How to complete this task:
Copy the records below exactly, omitting any pictures they contain.

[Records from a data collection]
------------------------------------------------

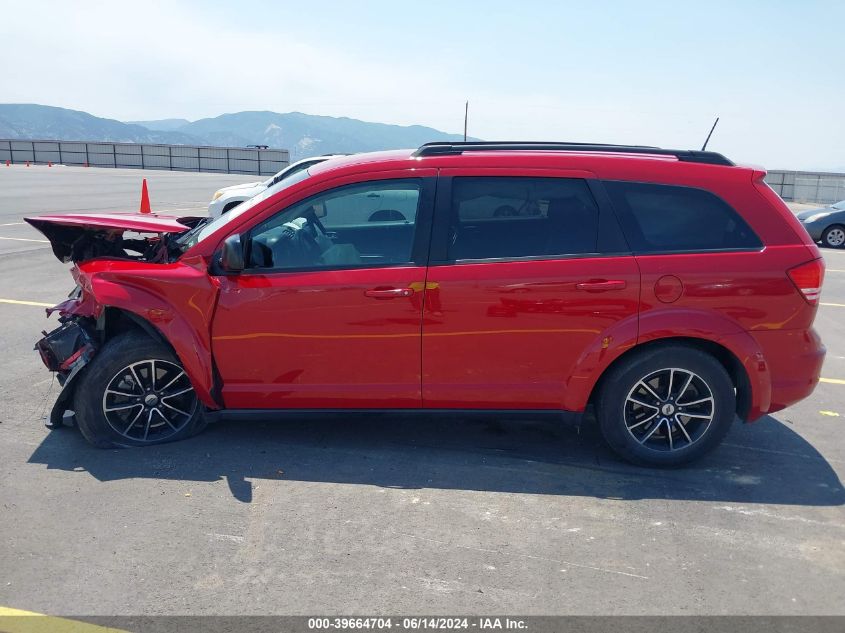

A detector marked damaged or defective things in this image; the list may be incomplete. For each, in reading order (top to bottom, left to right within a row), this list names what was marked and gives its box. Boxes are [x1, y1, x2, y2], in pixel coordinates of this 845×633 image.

crumpled hood [25, 212, 200, 262]
crumpled fender [66, 256, 223, 410]
crumpled fender [560, 308, 772, 420]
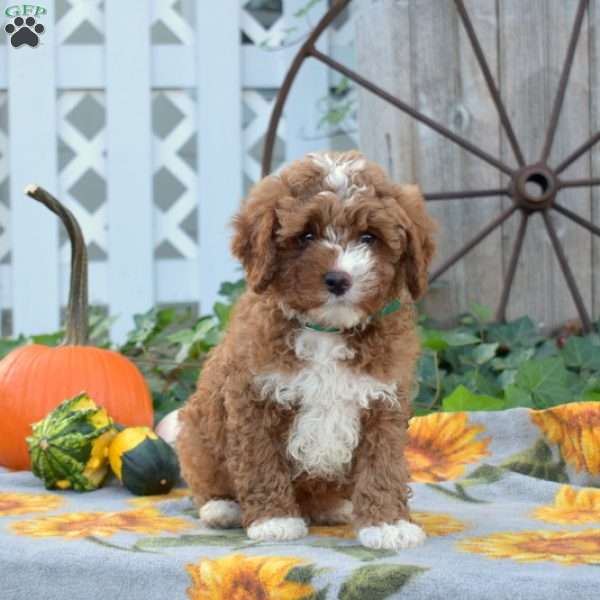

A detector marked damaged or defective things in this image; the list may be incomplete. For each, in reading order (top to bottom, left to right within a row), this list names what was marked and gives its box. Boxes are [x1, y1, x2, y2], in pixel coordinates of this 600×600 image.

------------------------------------------------

Task result:
A detector marked damaged or defective things in this image; the list may be incomplete. For each, in reading order (top to bottom, left to right within a row), this list names what was marked and gives its box. Boxes are [x1, y1, x2, y2], in pixel coordinates of this 845×633 image.

crumpled hood [25, 212, 200, 262]
crumpled fender [66, 256, 223, 410]
crumpled fender [560, 308, 772, 420]

A detector marked damaged or defective things in this image; the list may be incomplete. For each, in reading order (top to bottom, left to right within a row), this list names what was marked and gives its box. Boxes are [x1, y1, x2, y2], in pixel coordinates of this 600×600 image.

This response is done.